The GDPR imposes various implicit requirements for software engineering, software development, and software architectures. Among these are general requirements related to concepts such as confidentiality, integrity, and availability. In several occasions, the GDPR also mentions appropriate data protection measures (see Articles 5, 25, and 32). These measures are not binary-valued “on/off requirements” in their nature, however. The scale is continuous: the requirements can be improved with design patterns and different software development technologies. Static analysis is a good example about such technologies.

In essence, static analysis is a method of analysing a program (analysis) without running it (static). Static source code analysis can be applied to any software project with appropriate tools. It is also generally accepted as a “security-by-design” best practice [9]. Using tools to improve software quality during software development is also very much what the GDPR asks for. Therefore, static analysis naturally extends also to the present “data-protection-by-design” context.

Given this background, this paper answers to two research questions (RQs):

• RQ1: What parallels there are between those static analysis solutions designed for security and those that seek to improve privacy and data protection?

• RQ2: How the practical state-of-the-art of static analysis solutions can be applied in the context of the GDPR’s data protection requirements?

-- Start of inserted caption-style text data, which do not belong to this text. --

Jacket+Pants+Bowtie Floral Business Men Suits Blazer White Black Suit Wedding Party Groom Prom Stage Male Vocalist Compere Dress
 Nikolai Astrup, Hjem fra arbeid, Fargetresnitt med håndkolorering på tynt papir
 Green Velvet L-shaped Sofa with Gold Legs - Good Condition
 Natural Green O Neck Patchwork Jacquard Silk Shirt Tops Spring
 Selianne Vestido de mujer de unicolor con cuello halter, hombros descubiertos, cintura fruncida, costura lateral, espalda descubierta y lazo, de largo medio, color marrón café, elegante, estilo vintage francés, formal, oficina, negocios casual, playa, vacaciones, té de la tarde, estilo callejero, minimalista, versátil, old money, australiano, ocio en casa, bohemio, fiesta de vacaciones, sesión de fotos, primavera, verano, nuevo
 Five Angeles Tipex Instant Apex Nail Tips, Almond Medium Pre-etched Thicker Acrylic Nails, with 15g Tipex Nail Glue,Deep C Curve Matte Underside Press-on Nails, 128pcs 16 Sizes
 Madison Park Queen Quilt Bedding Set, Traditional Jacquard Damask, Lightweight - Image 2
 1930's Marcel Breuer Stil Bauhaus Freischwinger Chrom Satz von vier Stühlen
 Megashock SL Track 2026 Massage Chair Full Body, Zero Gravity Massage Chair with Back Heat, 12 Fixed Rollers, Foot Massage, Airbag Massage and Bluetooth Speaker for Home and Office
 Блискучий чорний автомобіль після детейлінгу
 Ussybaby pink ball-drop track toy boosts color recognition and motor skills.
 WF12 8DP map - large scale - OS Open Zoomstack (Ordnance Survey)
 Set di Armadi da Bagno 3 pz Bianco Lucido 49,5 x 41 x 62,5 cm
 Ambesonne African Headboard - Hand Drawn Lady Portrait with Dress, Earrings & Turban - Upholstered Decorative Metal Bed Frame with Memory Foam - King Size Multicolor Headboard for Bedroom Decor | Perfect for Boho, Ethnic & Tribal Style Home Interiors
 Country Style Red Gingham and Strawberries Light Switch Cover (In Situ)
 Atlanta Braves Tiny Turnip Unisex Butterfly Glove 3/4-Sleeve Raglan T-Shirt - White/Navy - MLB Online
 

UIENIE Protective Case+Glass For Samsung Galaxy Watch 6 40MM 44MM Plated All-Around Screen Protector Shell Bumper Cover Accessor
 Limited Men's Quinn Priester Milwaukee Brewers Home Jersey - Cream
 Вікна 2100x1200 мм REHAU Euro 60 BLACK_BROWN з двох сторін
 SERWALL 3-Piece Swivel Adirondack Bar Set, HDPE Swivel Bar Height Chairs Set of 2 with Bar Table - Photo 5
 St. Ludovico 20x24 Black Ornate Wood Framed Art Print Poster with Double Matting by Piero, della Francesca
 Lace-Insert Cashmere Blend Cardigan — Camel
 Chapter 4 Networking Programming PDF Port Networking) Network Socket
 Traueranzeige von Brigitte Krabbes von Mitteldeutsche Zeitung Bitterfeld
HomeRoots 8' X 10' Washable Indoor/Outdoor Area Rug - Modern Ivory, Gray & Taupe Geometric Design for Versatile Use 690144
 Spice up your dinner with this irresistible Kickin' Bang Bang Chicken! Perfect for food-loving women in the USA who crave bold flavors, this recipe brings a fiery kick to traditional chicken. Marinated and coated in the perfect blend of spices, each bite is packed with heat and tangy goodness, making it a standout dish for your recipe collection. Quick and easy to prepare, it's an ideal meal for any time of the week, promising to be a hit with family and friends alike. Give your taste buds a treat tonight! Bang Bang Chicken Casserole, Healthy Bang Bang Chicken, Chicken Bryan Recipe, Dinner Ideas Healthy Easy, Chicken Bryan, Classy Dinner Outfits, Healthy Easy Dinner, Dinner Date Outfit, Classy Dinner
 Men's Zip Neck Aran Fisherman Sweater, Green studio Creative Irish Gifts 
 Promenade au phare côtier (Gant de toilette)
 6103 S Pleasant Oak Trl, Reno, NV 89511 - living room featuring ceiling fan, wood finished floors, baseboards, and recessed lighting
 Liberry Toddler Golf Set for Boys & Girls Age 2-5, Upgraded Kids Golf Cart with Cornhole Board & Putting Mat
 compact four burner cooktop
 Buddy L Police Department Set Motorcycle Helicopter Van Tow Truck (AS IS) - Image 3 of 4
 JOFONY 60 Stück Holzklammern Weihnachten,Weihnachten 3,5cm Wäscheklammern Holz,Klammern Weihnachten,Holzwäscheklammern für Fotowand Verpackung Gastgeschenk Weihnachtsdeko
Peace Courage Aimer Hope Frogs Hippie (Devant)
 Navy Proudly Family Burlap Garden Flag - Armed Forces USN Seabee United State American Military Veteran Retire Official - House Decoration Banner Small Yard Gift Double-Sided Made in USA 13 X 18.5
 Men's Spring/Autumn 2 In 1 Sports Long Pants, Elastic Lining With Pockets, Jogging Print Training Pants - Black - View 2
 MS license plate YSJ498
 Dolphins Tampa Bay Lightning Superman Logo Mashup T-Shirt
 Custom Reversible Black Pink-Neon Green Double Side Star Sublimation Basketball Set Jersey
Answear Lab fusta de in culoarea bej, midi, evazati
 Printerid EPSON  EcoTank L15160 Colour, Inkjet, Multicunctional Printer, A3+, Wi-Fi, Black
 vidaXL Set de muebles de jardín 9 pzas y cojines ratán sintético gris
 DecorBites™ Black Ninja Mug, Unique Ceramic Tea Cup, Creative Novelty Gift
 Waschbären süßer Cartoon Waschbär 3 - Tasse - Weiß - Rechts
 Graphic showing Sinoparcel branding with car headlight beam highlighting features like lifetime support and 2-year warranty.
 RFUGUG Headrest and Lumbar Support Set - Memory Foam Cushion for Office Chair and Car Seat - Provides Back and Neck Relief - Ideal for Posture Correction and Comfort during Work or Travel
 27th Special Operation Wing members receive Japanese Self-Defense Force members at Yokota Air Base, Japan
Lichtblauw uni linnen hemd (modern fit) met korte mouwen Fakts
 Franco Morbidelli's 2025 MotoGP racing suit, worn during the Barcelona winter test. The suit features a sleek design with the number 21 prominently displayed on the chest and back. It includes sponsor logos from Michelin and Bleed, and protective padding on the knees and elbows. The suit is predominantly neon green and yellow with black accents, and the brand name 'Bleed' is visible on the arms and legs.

The answer to the first research question is sought by analysing and categorising a few recent static analysis tools. There is a well-established literature on static analysis in general and using static analysis for improving security in particular (see, for instance, [9] and [25]). There exists also some previous work on using static analysis for the GDPR’s requirements [17, 18]. However, a synthesis is still lacking—in fact, only little has been written about static analysis in terms of the intersection between security and data protection.

Building upon the categorisation presented (RQ1), the second research question is answered by presenting a design of a concrete tool for using static analysis to improve data protection. To briefly outline the background of this tool and its design, it suffices to note that common static source code analysis tools used to prevent (security) bugs analyse the abstract syntax tree (AST) of a software source code under inspection. The so-called FindBugs [3] static code analyser is a good example in this regard. This inspection allows the tools to make judgements of the logical content of a program. By implication, however, the tools are also limited to the logical content; they cannot analyse design, developer intent, or data semantics. For these reasons, the tool presented augments AST inspection with personal data annotations.

The structure of the paper’s remainder follows the two research questions examined. In other words, Sect. 2 evaluates the state of the art and categorises static analysis solutions for data protection (RQ1). The subsequent Sect. 3 elaborates the tool implemented for improving personal data processing and its protection (RQ2). Section 4 discusses the implications and future directions.

A sensible starting point is that security in general is a prerequisite for data protection, which, in turn, is a partial legal prerequisite for privacy. If data is not secured, it is also meaningless to discuss data protection and privacy. In other words, compromising security allows to compromise the other two concepts.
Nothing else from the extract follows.